The Three Major Functions of Rape Allegations

Let’s first look at the results of a study cited in the research paper mentioned above. Over nine years, rape allegations were examined in a Mid-Western US town with a population of 70,000.

Over this time, 109 rape cases were disposed of, of which 45 were deemed to be false – making up 45% of the initial number. Now, these numbers aren't based on a police hypothesis. They stem from the women in question admitting their accusation was a fabrication.

Why Would This Happen, Though?

How could someone tell a lie that would destroy an innocent person's life?

According to the data, those who made false claims presented three main motives or functions to their act:

  • Providing an alibi
  • Seeking revenge
  • Obtaining sympathy or attention

Many detractors of this research claim that such motivations don’t exist, but data and the facts tell a different story.

Counterarguments to Consider

There is the elephant in the room regarding women admitting to false claims of rape. The research does bring up that these recantations might be a survival mechanism in and of themselves. For instance, this might concern avoiding another assault. Some women may wish to forego the trauma of a police investigation and the prying questions that come with it.

Some false recantations do happen for those reasons. However, the idea that each retraction of an allegation isn't truthful would be highly unlikely, and something nobody could possibly prove.

Furthermore, the article points out that the police had little reason to believe the recantations were false. Generally, the lying was proven through the strength of a rigorous police investigation.

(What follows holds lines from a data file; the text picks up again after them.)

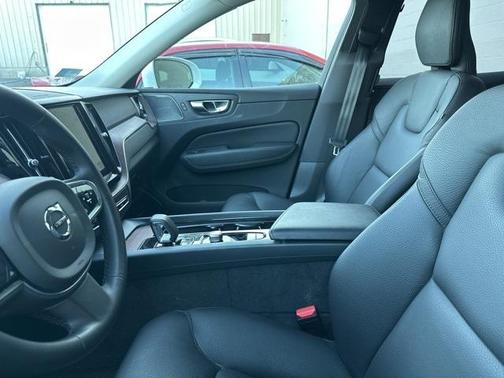 2023 Volvo XC60 Recharge Plug-In Hybrid T8 Plus Bright Theme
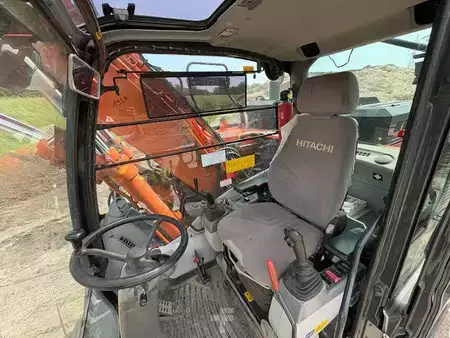 Escavatori gommati 2018 Hitachi ZX140W-6 (3 Pieces available) (8)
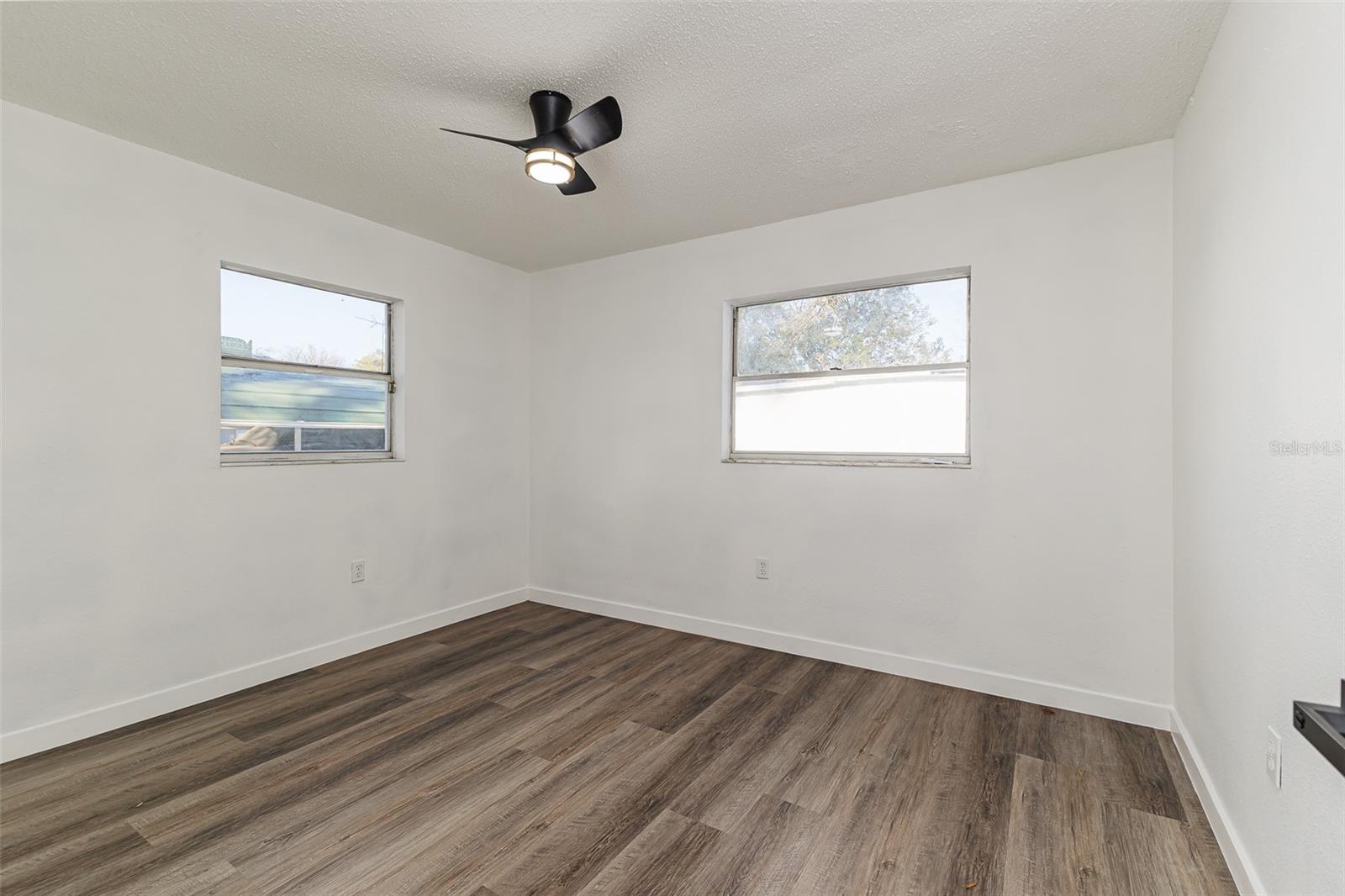 Image 21 of 28 For 661 Duncan Circle E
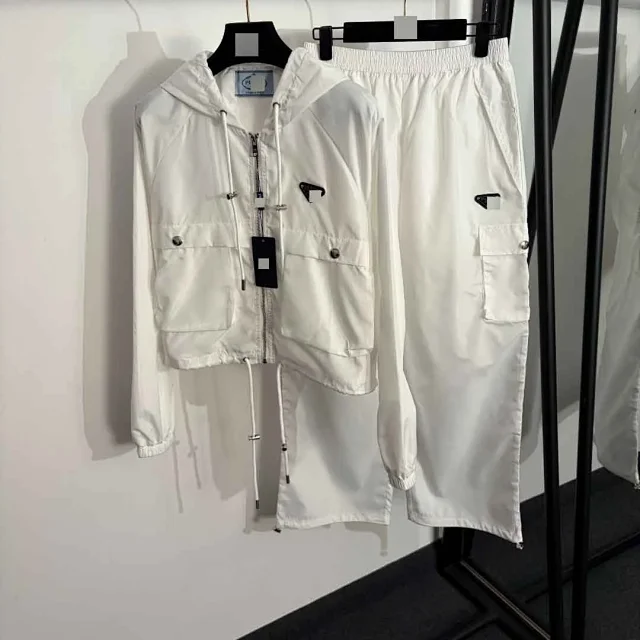 Unbranded Jackets Hooded drawstring windbreaker with flap pockets and triangle badge detail product detail image 2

Perhaps most people aren't going to make false allegations about such a thing, but the fact that it’s a possibility means diligence in preventing an innocent person from being found guilty is critical.

The Magnitude of False Rape Allegations

Society has its perceptions about people who've been accused of rape. You could prove your innocence 10,000 times over and still have your reputation tarnished and be perceived as someone who's done something wrong.

Still, you didn't do anything wrong.

There is plenty of motivation to make false claims, all of which your legal team should examine in tremendous depth. Since you're innocent, after performing some much-needed due diligence, the truth will eventually come out, and you'll be in the free and clear.